On 13 February 2015 at 08:02, Steven Ericsson-Zenith <steven@xxxxxxx> wrote:
That deserves an "Amen, Brother!" from me ... :-)
On Thu, Feb 12, 2015 at 9:29 PM, John F Sowa <sowa@xxxxxxxxxxx> wrote:
Dear David and Steven,
Re the word 'mathematician': I used it only because I was repeating
the word that Alex had used. The question about word usage is
irrelevant to the matter.
> The confusion came from holding truth to be something in the world.
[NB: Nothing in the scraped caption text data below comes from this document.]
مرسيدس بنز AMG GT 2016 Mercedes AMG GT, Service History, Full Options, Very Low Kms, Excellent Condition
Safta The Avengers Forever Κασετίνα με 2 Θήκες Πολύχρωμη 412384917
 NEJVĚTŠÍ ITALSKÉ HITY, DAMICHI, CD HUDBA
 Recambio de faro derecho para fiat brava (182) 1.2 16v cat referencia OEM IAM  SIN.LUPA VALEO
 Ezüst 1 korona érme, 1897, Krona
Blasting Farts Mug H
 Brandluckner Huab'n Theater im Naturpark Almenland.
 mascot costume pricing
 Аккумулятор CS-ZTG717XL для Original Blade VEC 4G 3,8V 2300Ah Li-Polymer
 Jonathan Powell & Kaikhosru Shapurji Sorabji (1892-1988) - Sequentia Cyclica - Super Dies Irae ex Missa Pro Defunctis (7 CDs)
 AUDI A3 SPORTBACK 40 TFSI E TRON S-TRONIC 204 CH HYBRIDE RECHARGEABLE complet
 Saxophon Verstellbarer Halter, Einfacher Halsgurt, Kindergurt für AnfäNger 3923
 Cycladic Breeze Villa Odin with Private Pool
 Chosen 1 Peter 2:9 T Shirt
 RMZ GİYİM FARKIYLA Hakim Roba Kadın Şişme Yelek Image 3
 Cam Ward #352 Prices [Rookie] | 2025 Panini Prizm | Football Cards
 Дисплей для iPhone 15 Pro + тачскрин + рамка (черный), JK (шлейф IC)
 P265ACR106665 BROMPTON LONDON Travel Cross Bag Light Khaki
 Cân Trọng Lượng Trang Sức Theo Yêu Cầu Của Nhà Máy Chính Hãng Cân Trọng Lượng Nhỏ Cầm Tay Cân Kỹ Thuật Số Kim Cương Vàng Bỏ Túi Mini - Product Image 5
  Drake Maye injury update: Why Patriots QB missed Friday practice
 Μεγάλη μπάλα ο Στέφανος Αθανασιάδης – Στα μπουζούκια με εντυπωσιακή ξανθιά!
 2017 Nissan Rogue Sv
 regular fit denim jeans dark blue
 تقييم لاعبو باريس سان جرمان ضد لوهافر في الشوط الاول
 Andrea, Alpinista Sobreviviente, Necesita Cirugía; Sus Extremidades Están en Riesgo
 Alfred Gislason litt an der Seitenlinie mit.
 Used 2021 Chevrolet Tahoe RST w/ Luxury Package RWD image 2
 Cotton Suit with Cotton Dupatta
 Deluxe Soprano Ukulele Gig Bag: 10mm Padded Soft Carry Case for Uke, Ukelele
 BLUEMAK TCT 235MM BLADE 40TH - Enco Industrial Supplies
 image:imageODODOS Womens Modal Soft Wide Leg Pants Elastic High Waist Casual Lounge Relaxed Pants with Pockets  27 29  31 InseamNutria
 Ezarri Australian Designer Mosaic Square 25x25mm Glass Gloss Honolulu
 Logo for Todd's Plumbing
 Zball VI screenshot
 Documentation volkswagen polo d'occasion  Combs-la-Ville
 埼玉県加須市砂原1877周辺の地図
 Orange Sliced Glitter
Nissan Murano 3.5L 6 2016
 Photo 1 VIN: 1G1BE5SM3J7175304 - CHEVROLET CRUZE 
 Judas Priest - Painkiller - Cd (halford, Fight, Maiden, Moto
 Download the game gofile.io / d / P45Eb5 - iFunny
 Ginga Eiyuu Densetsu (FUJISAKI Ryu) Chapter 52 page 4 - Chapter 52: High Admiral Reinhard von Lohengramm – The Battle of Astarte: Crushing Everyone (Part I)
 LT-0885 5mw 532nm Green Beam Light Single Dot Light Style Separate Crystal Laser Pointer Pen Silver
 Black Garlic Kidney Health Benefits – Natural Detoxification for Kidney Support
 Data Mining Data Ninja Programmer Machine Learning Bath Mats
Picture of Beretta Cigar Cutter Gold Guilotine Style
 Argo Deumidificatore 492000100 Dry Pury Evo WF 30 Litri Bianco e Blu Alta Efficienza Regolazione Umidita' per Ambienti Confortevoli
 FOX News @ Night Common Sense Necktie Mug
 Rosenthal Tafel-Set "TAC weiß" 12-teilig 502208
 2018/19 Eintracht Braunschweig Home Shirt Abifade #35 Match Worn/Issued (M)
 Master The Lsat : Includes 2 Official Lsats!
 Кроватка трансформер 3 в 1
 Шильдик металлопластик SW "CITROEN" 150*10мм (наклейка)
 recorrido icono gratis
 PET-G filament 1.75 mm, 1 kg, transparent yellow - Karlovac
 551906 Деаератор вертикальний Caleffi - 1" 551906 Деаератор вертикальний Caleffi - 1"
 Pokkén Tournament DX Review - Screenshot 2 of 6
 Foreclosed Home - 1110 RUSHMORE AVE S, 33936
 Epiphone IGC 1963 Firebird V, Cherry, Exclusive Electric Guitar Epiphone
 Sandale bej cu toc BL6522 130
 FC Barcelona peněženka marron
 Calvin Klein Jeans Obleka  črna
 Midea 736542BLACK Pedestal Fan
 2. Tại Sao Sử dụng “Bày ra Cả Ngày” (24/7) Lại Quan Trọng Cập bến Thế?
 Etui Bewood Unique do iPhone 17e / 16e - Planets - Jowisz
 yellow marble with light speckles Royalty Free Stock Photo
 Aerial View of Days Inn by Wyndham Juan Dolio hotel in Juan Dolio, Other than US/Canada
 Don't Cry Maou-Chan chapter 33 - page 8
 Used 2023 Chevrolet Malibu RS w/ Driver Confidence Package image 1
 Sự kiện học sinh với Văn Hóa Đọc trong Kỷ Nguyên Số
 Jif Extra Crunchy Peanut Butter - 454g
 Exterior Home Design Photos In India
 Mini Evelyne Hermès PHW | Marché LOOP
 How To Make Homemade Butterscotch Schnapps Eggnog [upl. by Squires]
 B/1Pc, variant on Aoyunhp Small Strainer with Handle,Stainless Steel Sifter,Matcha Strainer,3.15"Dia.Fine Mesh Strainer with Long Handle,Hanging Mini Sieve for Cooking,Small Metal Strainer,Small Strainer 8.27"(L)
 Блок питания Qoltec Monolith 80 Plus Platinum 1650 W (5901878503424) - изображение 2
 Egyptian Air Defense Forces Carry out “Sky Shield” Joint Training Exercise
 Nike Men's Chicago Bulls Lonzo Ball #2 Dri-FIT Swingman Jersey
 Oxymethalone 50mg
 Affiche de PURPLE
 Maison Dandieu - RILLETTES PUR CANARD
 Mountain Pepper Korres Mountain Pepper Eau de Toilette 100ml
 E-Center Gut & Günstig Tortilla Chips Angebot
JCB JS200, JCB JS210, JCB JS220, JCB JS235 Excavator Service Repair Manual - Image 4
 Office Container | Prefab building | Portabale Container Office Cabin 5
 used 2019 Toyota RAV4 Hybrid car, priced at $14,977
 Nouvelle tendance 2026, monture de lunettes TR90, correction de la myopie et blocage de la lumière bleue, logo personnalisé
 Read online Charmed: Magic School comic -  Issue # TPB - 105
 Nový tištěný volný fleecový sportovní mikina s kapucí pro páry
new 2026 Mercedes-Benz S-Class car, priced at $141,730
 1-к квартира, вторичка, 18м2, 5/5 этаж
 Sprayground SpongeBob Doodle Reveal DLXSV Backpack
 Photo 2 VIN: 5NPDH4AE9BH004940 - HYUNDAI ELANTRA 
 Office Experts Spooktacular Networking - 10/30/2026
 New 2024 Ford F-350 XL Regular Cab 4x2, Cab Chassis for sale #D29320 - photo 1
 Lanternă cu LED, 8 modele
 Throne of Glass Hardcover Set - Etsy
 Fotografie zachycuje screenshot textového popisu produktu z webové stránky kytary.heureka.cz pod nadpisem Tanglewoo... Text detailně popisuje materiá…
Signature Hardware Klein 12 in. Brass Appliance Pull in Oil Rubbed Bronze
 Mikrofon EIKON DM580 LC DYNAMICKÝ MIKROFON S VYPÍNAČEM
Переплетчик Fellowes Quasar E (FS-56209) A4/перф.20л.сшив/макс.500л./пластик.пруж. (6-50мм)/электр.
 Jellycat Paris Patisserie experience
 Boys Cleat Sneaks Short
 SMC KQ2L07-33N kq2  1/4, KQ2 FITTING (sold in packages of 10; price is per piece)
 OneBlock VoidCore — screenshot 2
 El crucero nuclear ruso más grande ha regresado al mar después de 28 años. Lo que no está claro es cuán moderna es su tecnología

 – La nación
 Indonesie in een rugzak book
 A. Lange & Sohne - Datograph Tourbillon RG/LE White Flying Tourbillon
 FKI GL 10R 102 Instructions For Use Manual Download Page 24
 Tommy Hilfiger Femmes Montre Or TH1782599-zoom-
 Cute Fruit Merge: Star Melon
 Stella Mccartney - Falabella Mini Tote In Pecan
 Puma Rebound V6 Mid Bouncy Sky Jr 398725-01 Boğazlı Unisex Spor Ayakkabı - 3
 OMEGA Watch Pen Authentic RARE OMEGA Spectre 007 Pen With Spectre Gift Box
I agree that truth always involves language, either a natural
language or some version of logic.
> Engineering is a fine profession and there is no shame in using the term
The idea of a value judgment that puts philosophers above people who
actually work for a living comes from Plato. It was fueled by the fact
that only people who were independently wealthy could afford to spend
time debating metaphysics. And it is reinforced by academics who want
an excuse for not being wealthy.
Aristotle was somewhat more balanced, since his father was a physician
who had to do empirical studies and messy work in treating sick people.
In any case, there are a lot of engineers who are as smart or smarter
than many so-called scientists.
In 19th c England, scientists were expected to be independently
wealthy. Faraday was barred from the Royal Society because he had
to work for a living.
I have no sympathy for that attitude.
> At which point does engineering become science?
Never! Computer science, for example, is a branch of engineering
in most universities. Anybody who writes a patent is an engineer.
The amount of mathematics they know or use is irrelevant.